* _Data block_:
● ● ● ●
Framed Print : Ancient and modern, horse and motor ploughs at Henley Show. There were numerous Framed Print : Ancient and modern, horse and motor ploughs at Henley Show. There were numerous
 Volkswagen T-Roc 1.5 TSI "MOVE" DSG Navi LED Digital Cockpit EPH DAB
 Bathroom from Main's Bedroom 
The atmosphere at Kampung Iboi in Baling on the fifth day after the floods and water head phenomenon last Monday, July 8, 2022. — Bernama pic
● ● ● ●
* _What is expected_:
All lines from the one containing "Volkswagen T-Roc 1.5" to the end of the data above are to be set down exactly; no others belong in the answer.

* _Response to the exercise_:
 Volkswagen T-Roc 1.5 TSI "MOVE" DSG Navi LED Digital Cockpit EPH DAB
 Bathroom from Main's Bedroom 
The atmosphere at Kampung Iboi in Baling on the fifth day after the floods and water head phenomenon last Monday, July 8, 2022. — Bernama pic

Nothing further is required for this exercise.